Diese Pfütze war allerdings ziemlich schwarz..
Es wurde nicht besser, Wasser bräunlich- sehr trübe.

Dann passierte ein Unglück, das Wasser wurde durch einen abgegangenen Schlauch versehentlich ausgepumpt.
 Nun habe ich den schlammigen Rest auch raus und ca. 1/3 Teil Regenwasser und 2/3 (ziemlich kalkiges) Hahnenwasser aufgefüllt.

Einen Aufbereiter habe ich auch benutzt, so dass unsere Fische sowie die Wasserrose schon mal einen gewissen Anfangsvorteil haben.
Das Wasser war wieder schön klar - was eben noch fehlte war noch mehr Teicherde/ Grundsubstrat mit ein paar Wasserpflanzen, denn davon war ja nicht mehr viel da.

Nun dachte ich dass der Regen den Wasserstand zusätzlich erhöhen würde was er auch tat, nur hatte ich die mit Löchern versehene Tonne, in der ich den ganzen Schlamm  gesammelt hatte, so ungünstig abgestellt, dass der starke Regen offensichtlich Schlammteilchen zurück in den Teich geschwemmt haben, so dass die Trübung nun wieder ähnlich ist wie vorher. Etwas Trübung macht nichts ist ja gut so, nur zuviel macht auch keinen Spaß.

Man sieht nur die ersten 20cm, darunter ist das Wasser wieder trübe. Grünlich ist es natürlich auch etwas, aber das sind ja nur Algen, die bekomme ich leicht in den Griff.
Messung muss ich auch noch vornehmen.

Gibt es eine Maßnahme, die ihr vorschlagen würdet oder muss ich die Trübung erstmal wieder ein paar Jahre so lassen??

danke


----------



## Digicat (25. Juni 2008)

*AW: Trübung nach Wasserwechsel*

Servus Tobi

Ein Unglück kommt selten allein  

Wenn ich mich jetzt nicht verlesen habe, hast du Fische im Teich aber noch garkeine Pflanzen.
Dann darfst dich über das trübe Wasser nicht wundern  
Lies dir einmal dieses durch.

Also bei einem Filter der nur "selten" läuft, wenige Pflanzen im Teich, würde ich auf alle Fälle auf Fische verzichten, vorallem bei deiner Teichgröße von 1.200 Liter. Speziell wenn du auch selbst nur sporadisch am Teich vorbei kommst. Was hast dann eigentlich von den Fischen  

Nix für Ungut, aber ganz kann ich das nicht verstehen.


----------



## tobi16 (25. Juni 2008)

*AW: Trübung nach Wasserwechsel*

danke Digicat, 
 nun-  zum besseren Verständnis:

- Die Fische und die Teichrose sind schon 30 Jahre drin....

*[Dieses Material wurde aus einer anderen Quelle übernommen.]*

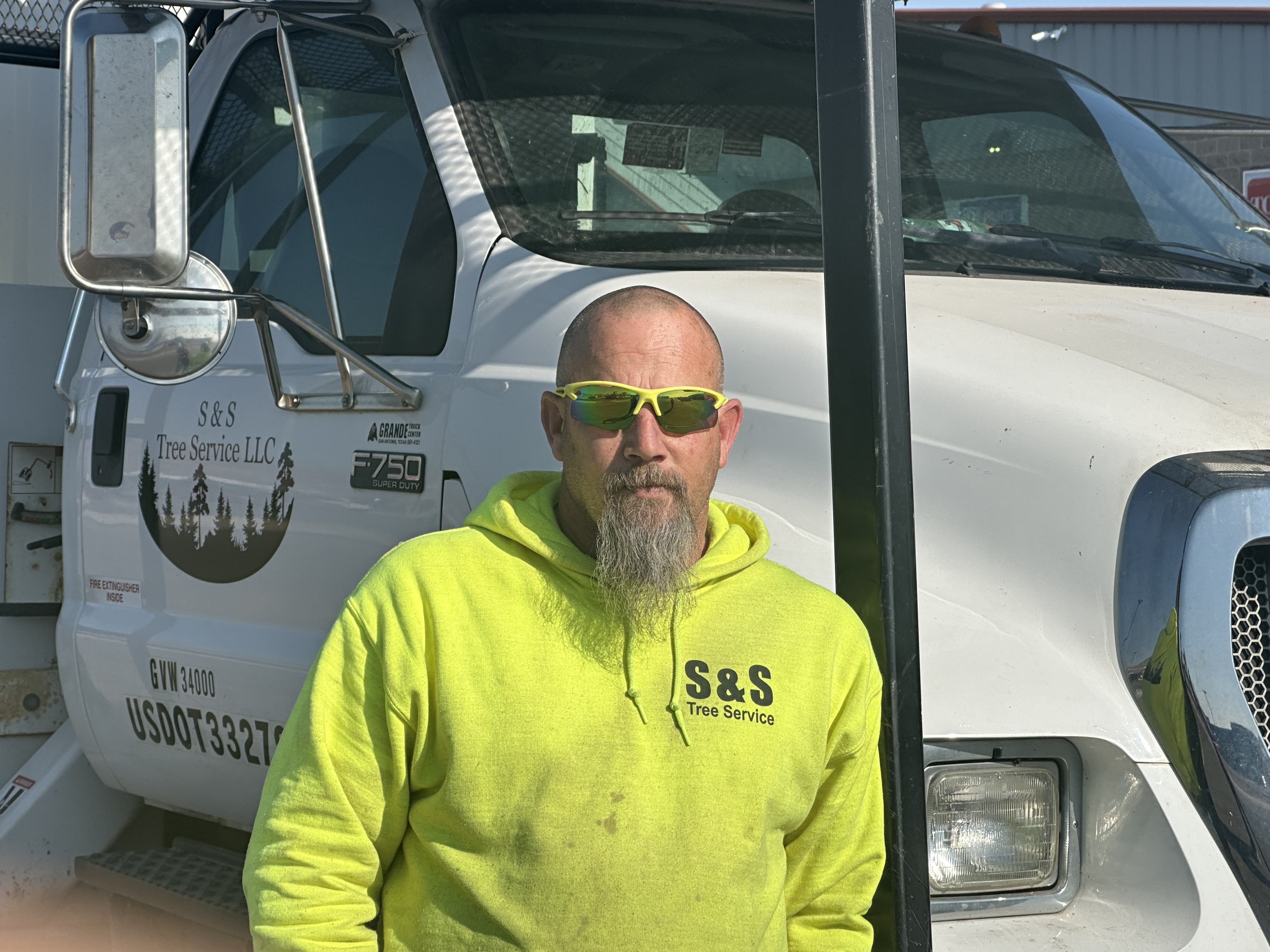 S&S Tree Service Image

- er hat mehr als das Doppelte wie 1200l

- die Trübung kam erst nach dem letzten Regen zurück, vorher 1 Wo lang klar

- Pflanzen wollte ich heute noch reintun


----------



## Digicat (25. Juni 2008)

*AW: Trübung nach Wasserwechsel*

Servus Tobi

1.200 Liter hast allerdings in deinem Profil angegeben. Kann daher nicht wissen das es das doppelte ist  .

Was also tun wegen der Trübung: 
Neuerlicher Wasserwechsel oder abwarten bis sich die Schwebstoffe absetzen, dazu würde ich dann allerdings die Wasserumwälzung ausschalten. Sonst setzt sich der "Schmodder" nie. Allerdings werden dann die Algen zuschlagen. Also wie man es macht, es wird immer einen Nachteil geben.

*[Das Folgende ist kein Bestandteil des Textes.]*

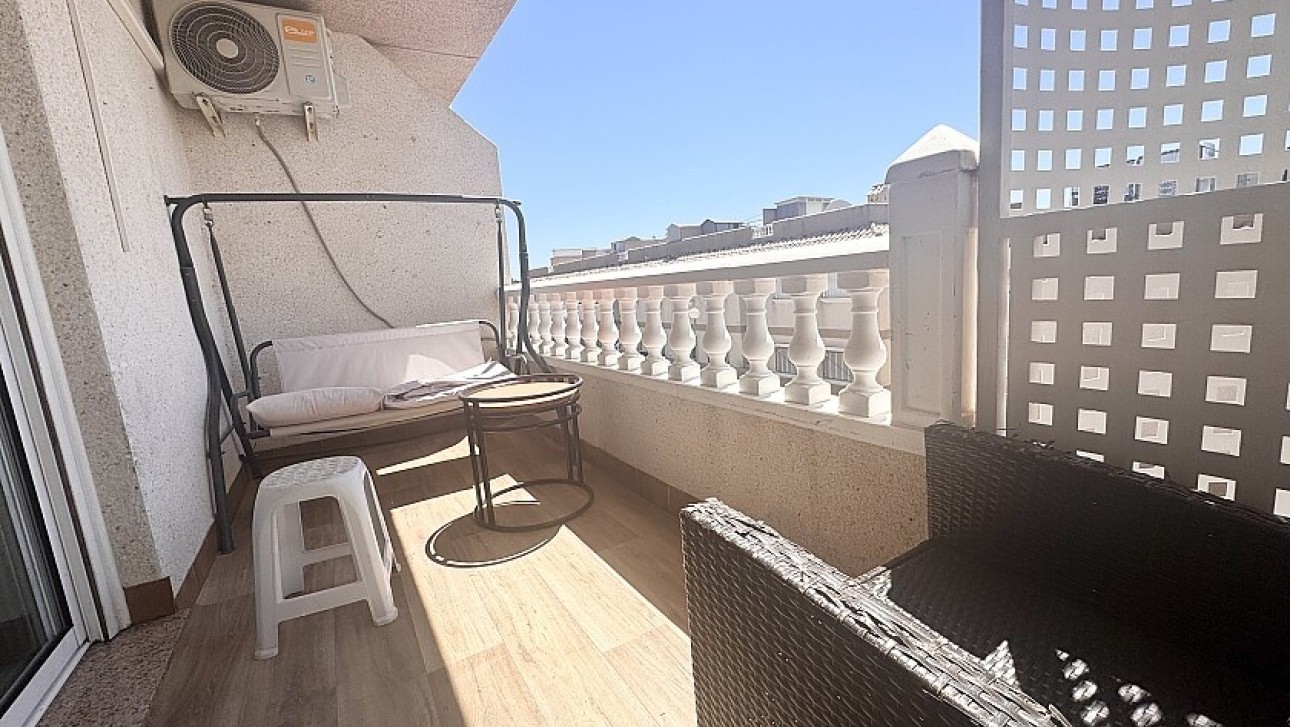 Resale - Bungalow - Orihuela Costa - Villamartín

Zum Substrat, nimm keine Teicherde, sondern Kies oder Sand/Lehm-Gemisch.

Kannst ein Foto hier einstellen, denn Bilder sagen als 1000 Worte.


----------



## tobi16 (25. Juni 2008)

*AW: Trübung nach Wasserwechsel*

ok, ja die 1200l können nicht stimmen

dacht ichs mir , da kann man nichts machen -nochmal Wechseln geht nicht - ist in Wirklichkeit schon ds 3 .Mal

meld mich wieder


----------



## tobi16 (29. Juni 2008)

*AW: Trübung nach Wasserwechsel*

ja nun ist es richtig grün, das Wasser


----------



## Digicat (29. Juni 2008)

*AW: Trübung nach Wasserwechsel*

Servus Tobi

Hast jetzt doch einen neuerlichen Wasserwechsel durchgeführt  

Na ja, das ist jetzt mal die normale Algenblüte, abwarten, die ist nach 4 - 6 Wochen vorbei, sofern deine Pflanzen nicht schon früher die Nährstoffe aus dem Wasser ziehen. Soll heißen, dann dauerts nicht so lange  

Ich würde jetzt auch täglich die Wasserwerte messen (Tröpfchentest). Nitrit heißt das Zauberwort. Sollte immer Null sein.


----------



## tobi16 (30. Juni 2008)

*AW: Trübung nach Wasserwechsel*

nein seit Beginn dieses Threads keinen Wasserwechsel.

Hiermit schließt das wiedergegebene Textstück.